Peki, İran neden Ukrayna’da?
Kamikaze insansız hava araçları (İHA), keşif ve gözetleme İHA’ları ve balistik füzeler…
Konuya iki açıdan bakmak mümkün. Birincisi neden, İran ile Rusya arasındaki yakın ilişkinin bir üst seviyeye çıkarılması. İran bu konuda oldukça istekli olabilir. Zira, ABD yaptırımları nedeniyle Rusya’dan bile yeteri derecede silah alamıyor. Bu yakınlık İran’ın Rus silah pazarına erişimini kolaylaştırabilir.
İkinci neden ise, İran silah sanayiinin tanıtımı ve etkinliği için Ukrayna’nın büyük bir fırsat penceresi sunması. Bir İran Devrim Muhafızları yetkilisi, Ermenistan dahil 20’den fazla ülkenin kendilerinden İHA tedarik etmek istediğini açıklaması ve İran'ın son zamanlarda düzenlediği saldırılarda silahların isimleri açıkça duyurması somut bir örnek sunuyor.
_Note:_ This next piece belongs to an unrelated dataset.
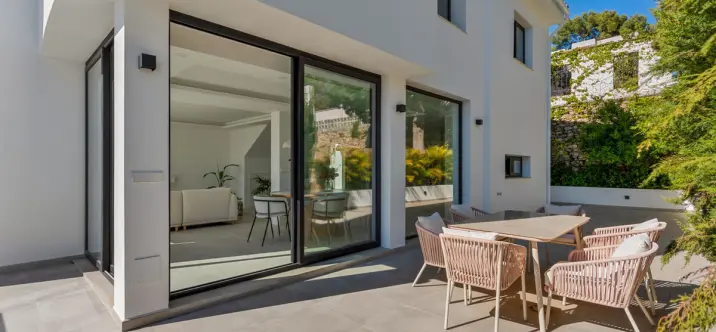 Sale of detached villa in Nueva Andalucía 1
İran Araştırmaları Merkezi (İRAM) Uzmanı Hurşit Dingil, İran'ın Batıya rağmen Rusya’ya S/İHA ve balistik füze göndermesini uluslararası silah pazarında imaj yönetimi çalışması olarak görüyor.
“Özellikle İran'ın Şahit-136 ve Fatih sınıfı balistik füzelerinin İran savunma sanayini tanıtmak üzere kullandığı görülmekte. Ukrayna savaş alanı da bu açıdan İran için önemli bir fırsat niteliğinde.”
Peki, İran silahları ne kadar etkili?
İran'ın Ukrayna’ya gönderdiği Şahit-136 kamikaze İHA’larının Rusya tarafından Geran-2 ismiyle saldırılarda sıklıkla kullanıldığı görülüyor. Şahit-136'nın özellikle düşük maliyetli olması ve bununla birlikte Batı’ya bağımlı olmayan kolay tedarik imkânı sunması, Rusya'nın tercihlerini büyük ölçüde etkiliyor.
Diğer taraftan Ukrayna tarafından yapılan açıklamalara göre yaklaşık olarak 200'ü aşkın İran kamikaze İHA’sının düşürüldüğü belirtiliyor. Yine İngiltere Savunma Bakanlığı askeri istihbaratının değerlendirmelerine göre saldırıların yüzde 85'inin engellendiği ifade ediliyor.
Ancak Şahit-136'ların başarısız sonuçlanan saldırılarla birlikte başarılı saldırılar da yapabildiği patlayıcı tesiri yüksek olmasından ötürü düşük maliyetle şiddet katsayısını artırdığı görülüyor.
Hurşit Dingil, söz konusu kamikaze İHA’nın taktik hava taarruzları ihtiyacını karşılayarak Rusya'nın kısa vadeli caydırıcılığını artırdığını belirterek, “Bu tür kamikaze İHA’ların alçak irtifalarda görece yavaş manevralar yapabilmesi hava savunma sistemlerinin de bu tehdidi yakalayamamasına yol açıyor.” diyor.
Dingil’e göre, çoklu ve sürü saldırı yöntemleri dahilinde düzenlenen saldırılarda hava savunma sistemlerinin tehdidi önleme kabiliyeti de azalıyor. Bu iki durum İran kamikaze İHA’larının görece etkin olabildiği saldırılara imkân sağlıyor.
Öte yandan Ukrayna’da kullanılan İran silah sistemlerinin basit esaslara dayanılarak üretilmesinden dolayı özellikle elektronik harp saldırılarına karşı savunmasız olduğu değerlendiriliyor.